* [TASK TO COMPLETE] Your output must be the lines below from the line containing "When you're ready" to the line containing "So, you can", both lines included, reproduced exactly and without pictures.

* [RECORDS SHOWN]
⁂
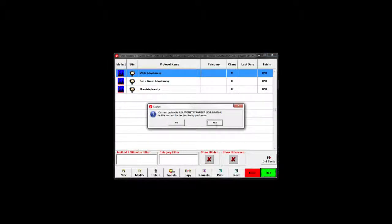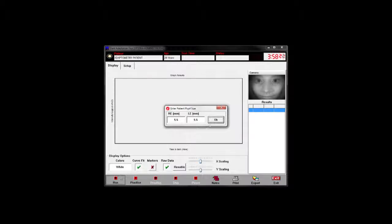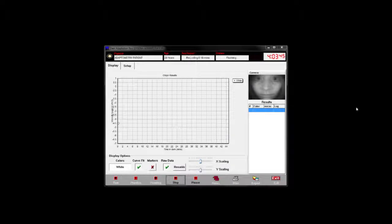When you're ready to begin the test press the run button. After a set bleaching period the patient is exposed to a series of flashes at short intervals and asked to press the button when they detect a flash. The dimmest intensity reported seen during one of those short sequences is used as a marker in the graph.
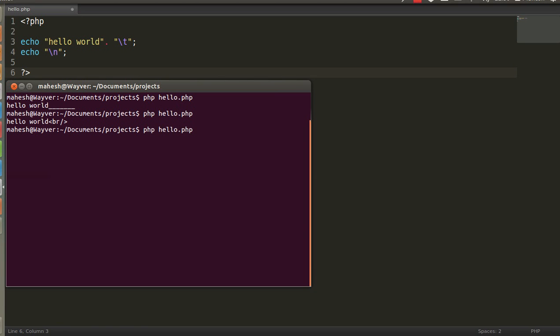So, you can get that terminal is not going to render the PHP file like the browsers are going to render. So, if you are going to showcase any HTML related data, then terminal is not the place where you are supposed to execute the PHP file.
⁂
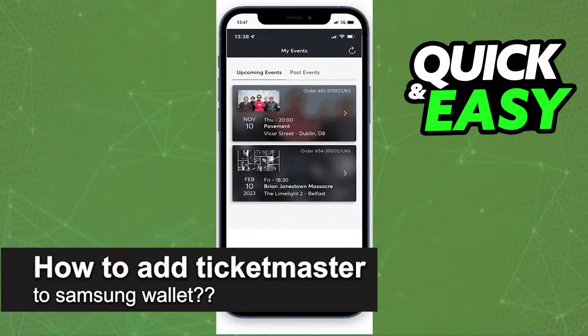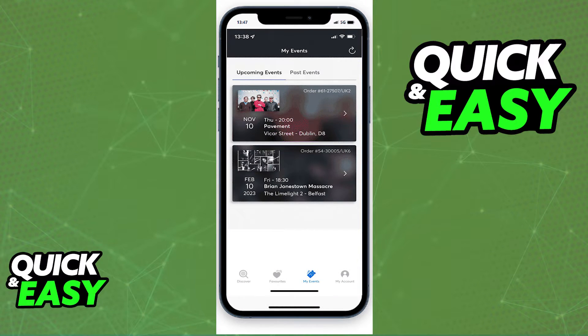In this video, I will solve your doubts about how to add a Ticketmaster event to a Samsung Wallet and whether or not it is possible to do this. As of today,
⁂
* [ANSWER SPACE]
When you're ready to begin the test press the run button. After a set bleaching period the patient is exposed to a series of flashes at short intervals and asked to press the button when they detect a flash. The dimmest intensity reported seen during one of those short sequences is used as a marker in the graph.
So, you can get that terminal is not going to render the PHP file like the browsers are going to render. So, if you are going to showcase any HTML related data, then terminal is not the place where you are supposed to execute the PHP file.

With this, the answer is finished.